WORK TASK
In the listing that follows, find the line with "Bovenaanzicht schotel van", then copy exactly from it through the line with "Black and white", leaving out every picture.

MATERIAL TO PROCESS
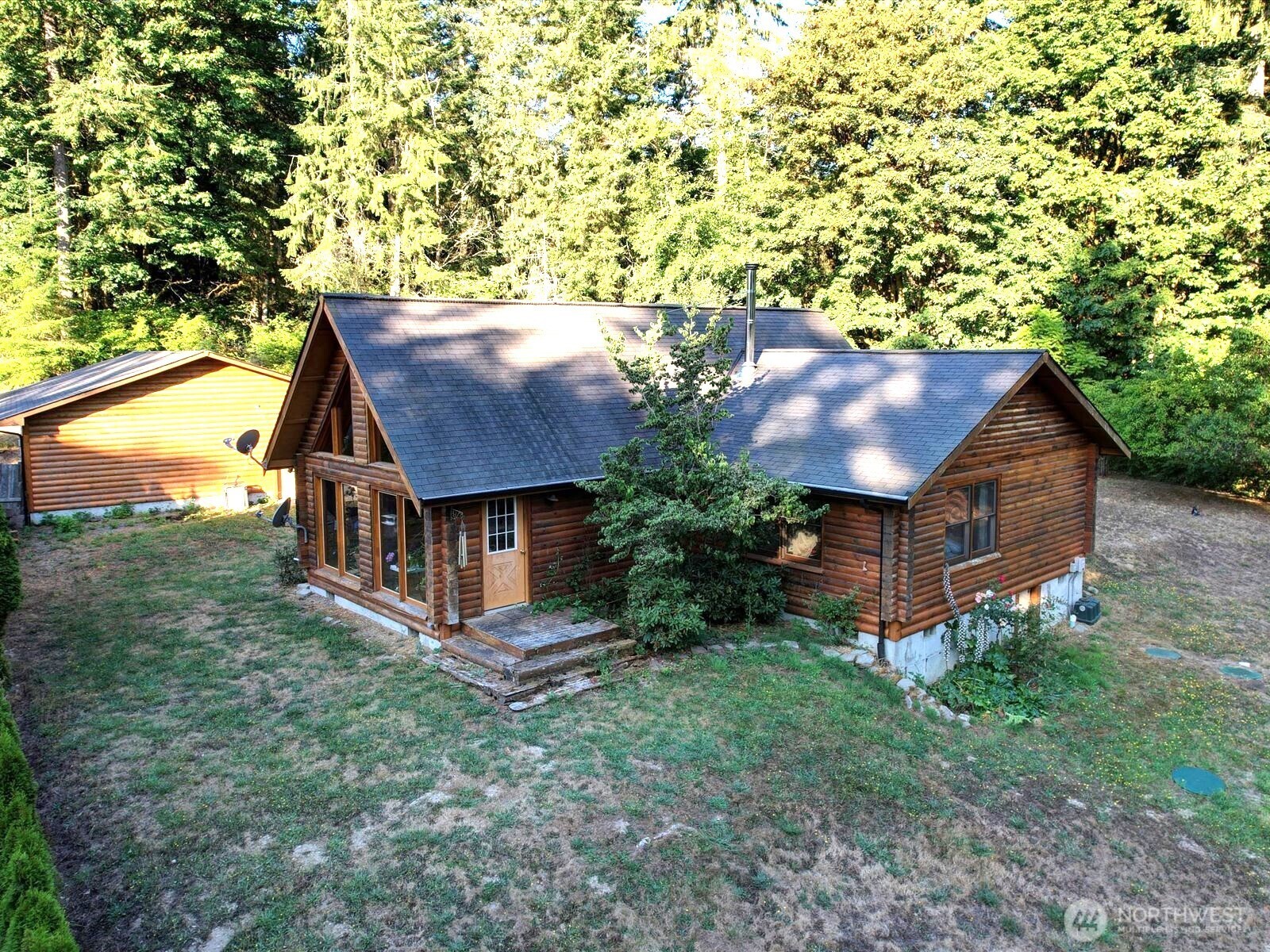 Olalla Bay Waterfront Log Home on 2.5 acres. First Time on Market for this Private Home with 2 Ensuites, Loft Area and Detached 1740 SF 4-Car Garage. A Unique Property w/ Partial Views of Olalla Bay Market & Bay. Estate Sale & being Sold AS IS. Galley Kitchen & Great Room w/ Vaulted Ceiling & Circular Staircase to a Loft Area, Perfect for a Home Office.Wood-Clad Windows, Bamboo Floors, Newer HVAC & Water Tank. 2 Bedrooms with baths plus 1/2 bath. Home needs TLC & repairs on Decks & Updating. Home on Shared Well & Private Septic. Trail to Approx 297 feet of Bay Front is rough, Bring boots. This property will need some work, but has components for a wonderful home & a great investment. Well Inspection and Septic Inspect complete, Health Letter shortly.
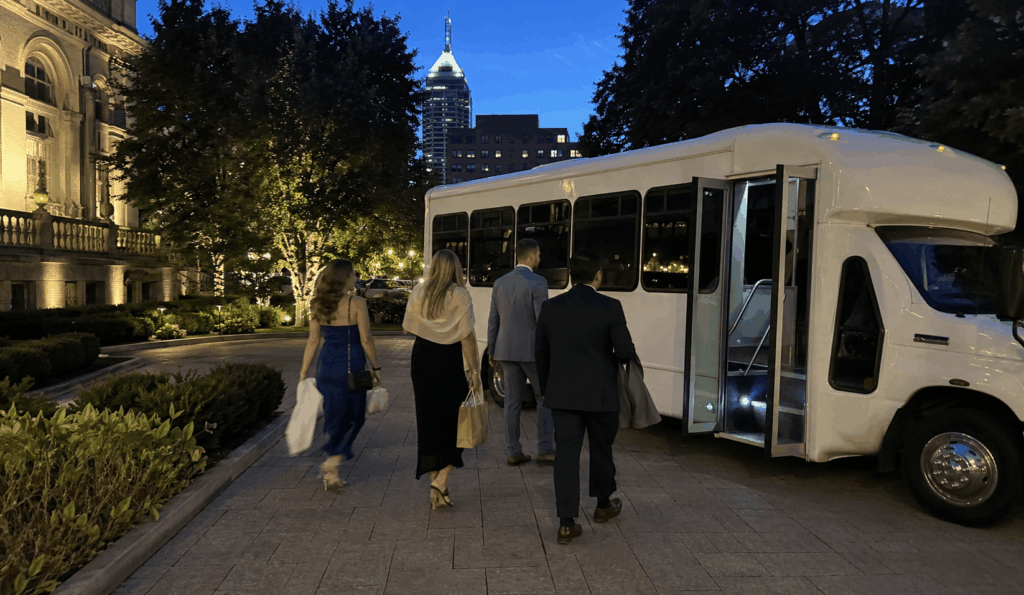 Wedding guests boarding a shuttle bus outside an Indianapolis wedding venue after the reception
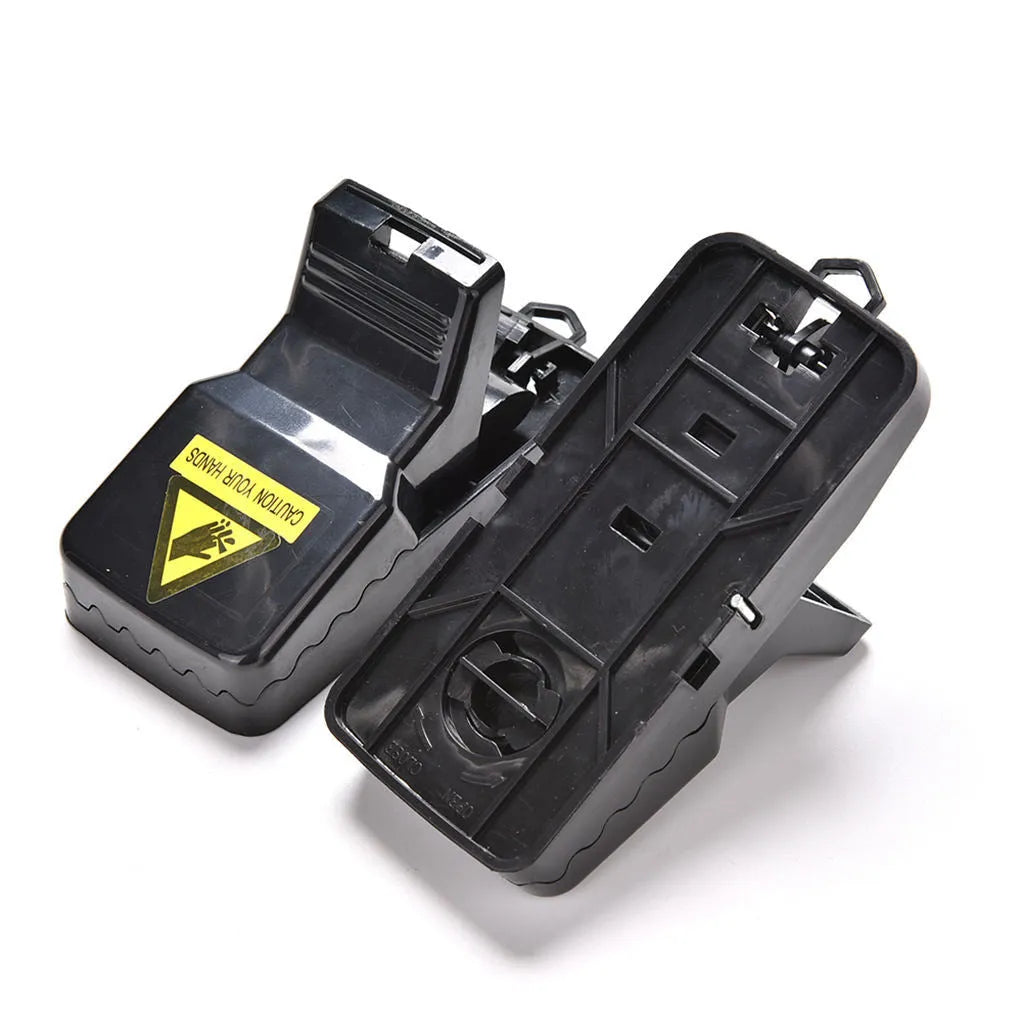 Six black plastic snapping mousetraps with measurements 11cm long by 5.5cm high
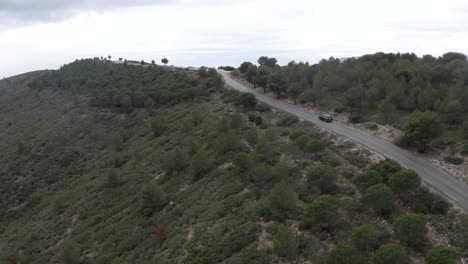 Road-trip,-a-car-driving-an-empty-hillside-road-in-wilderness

...

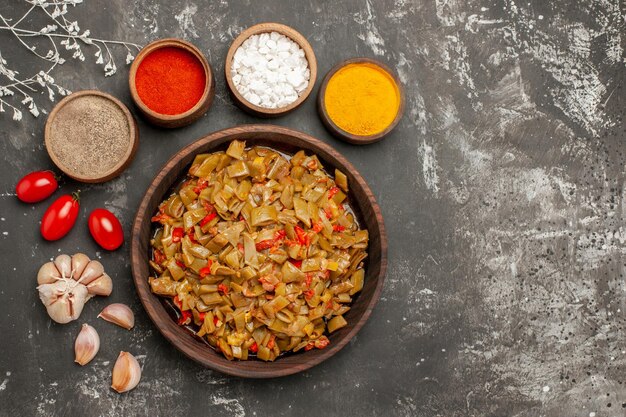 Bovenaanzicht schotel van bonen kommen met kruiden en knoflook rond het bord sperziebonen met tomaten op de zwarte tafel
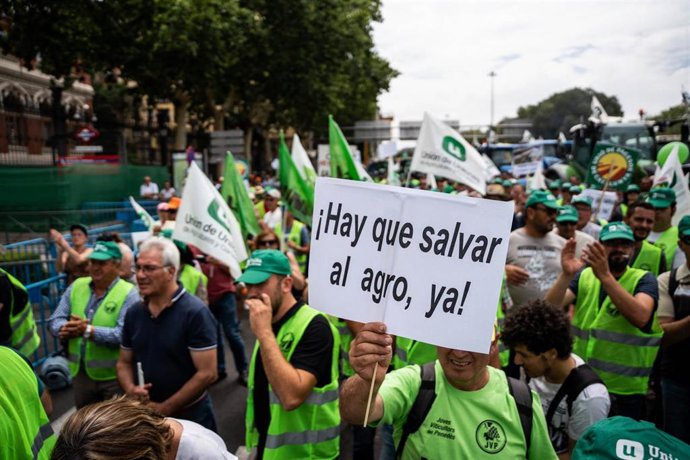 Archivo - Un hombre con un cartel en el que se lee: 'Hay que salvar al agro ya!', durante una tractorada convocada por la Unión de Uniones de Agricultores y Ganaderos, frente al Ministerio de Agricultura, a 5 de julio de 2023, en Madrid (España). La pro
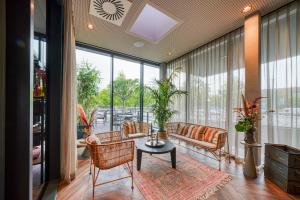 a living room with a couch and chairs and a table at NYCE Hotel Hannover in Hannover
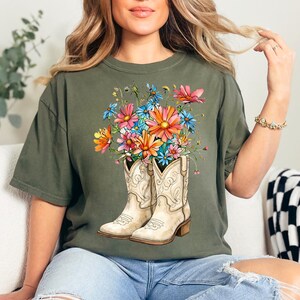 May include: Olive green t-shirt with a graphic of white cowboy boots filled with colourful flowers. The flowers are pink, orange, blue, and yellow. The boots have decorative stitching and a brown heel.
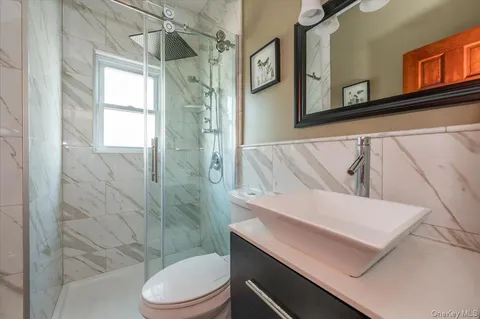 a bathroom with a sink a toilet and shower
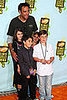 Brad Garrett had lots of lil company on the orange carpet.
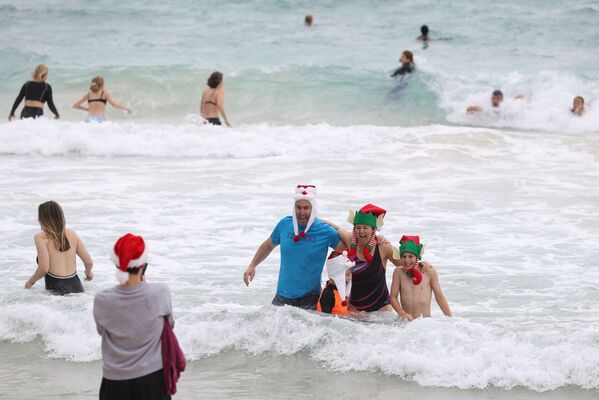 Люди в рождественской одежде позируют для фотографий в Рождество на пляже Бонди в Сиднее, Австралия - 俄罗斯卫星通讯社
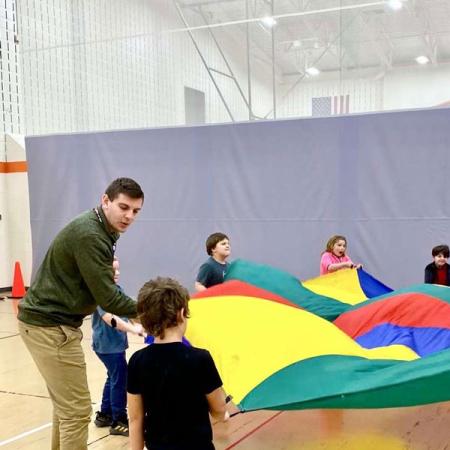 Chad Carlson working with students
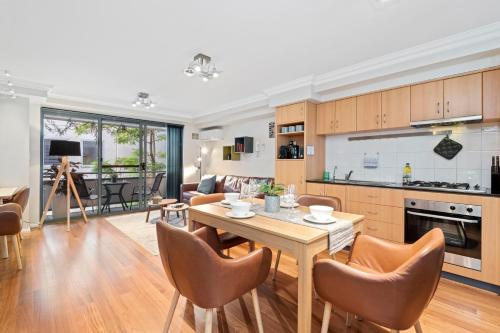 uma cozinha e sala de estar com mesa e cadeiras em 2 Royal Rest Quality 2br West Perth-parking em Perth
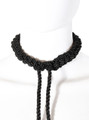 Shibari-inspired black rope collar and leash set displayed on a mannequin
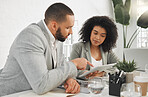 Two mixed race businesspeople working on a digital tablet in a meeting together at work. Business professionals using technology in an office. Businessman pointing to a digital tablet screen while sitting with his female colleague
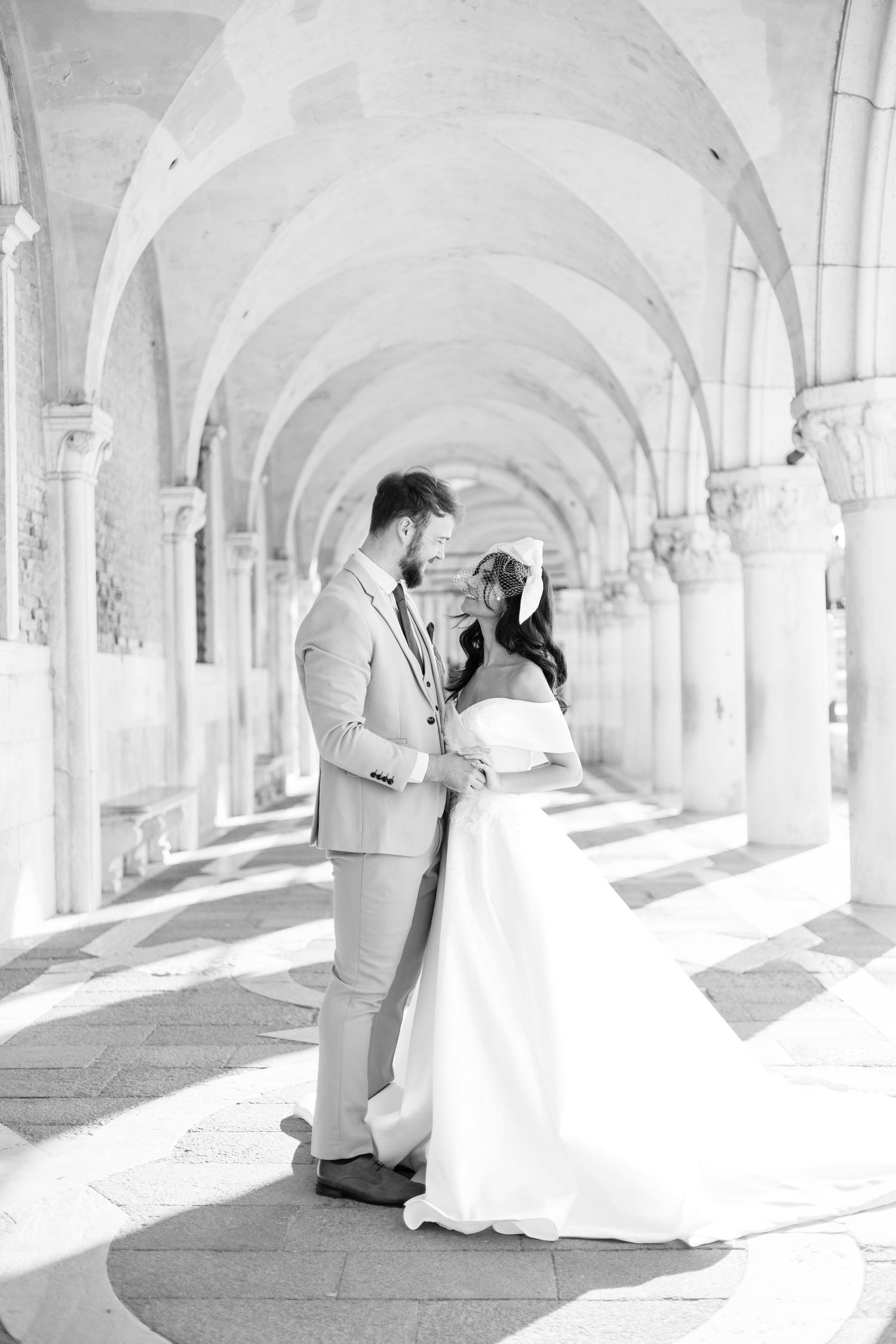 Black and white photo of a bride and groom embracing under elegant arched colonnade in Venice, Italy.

==

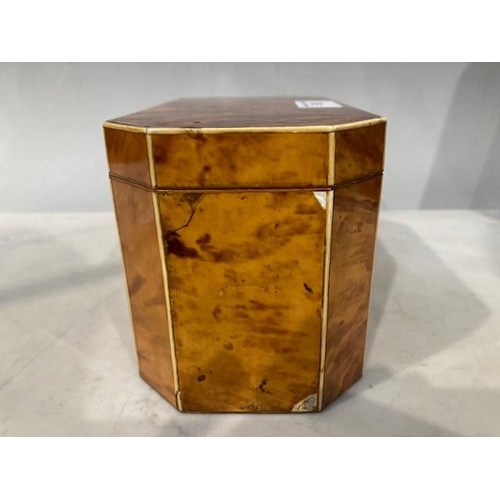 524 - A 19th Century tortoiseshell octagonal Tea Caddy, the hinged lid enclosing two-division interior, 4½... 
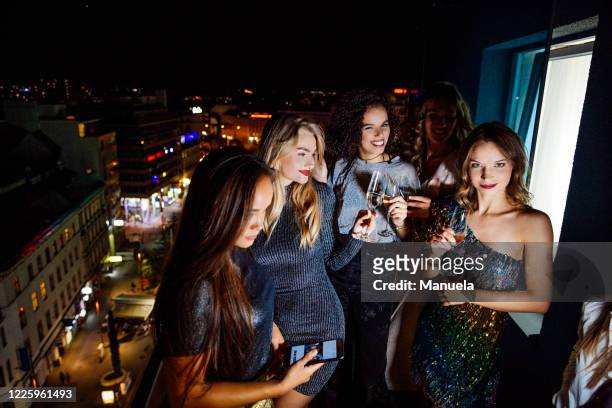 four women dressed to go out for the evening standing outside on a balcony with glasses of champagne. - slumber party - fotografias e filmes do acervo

RESPONSE AREA
 Bovenaanzicht schotel van bonen kommen met kruiden en knoflook rond het bord sperziebonen met tomaten op de zwarte tafel
 Archivo - Un hombre con un cartel en el que se lee: 'Hay que salvar al agro ya!', durante una tractorada convocada por la Unión de Uniones de Agricultores y Ganaderos, frente al Ministerio de Agricultura, a 5 de julio de 2023, en Madrid (España). La pro
 a living room with a couch and chairs and a table at NYCE Hotel Hannover in Hannover
 May include: Olive green t-shirt with a graphic of white cowboy boots filled with colourful flowers. The flowers are pink, orange, blue, and yellow. The boots have decorative stitching and a brown heel.
 a bathroom with a sink a toilet and shower
 Brad Garrett had lots of lil company on the orange carpet.
 Люди в рождественской одежде позируют для фотографий в Рождество на пляже Бонди в Сиднее, Австралия - 俄罗斯卫星通讯社
 Chad Carlson working with students
 uma cozinha e sala de estar com mesa e cadeiras em 2 Royal Rest Quality 2br West Perth-parking em Perth
 Shibari-inspired black rope collar and leash set displayed on a mannequin
 Two mixed race businesspeople working on a digital tablet in a meeting together at work. Business professionals using technology in an office. Businessman pointing to a digital tablet screen while sitting with his female colleague
 Black and white photo of a bride and groom embracing under elegant arched colonnade in Venice, Italy.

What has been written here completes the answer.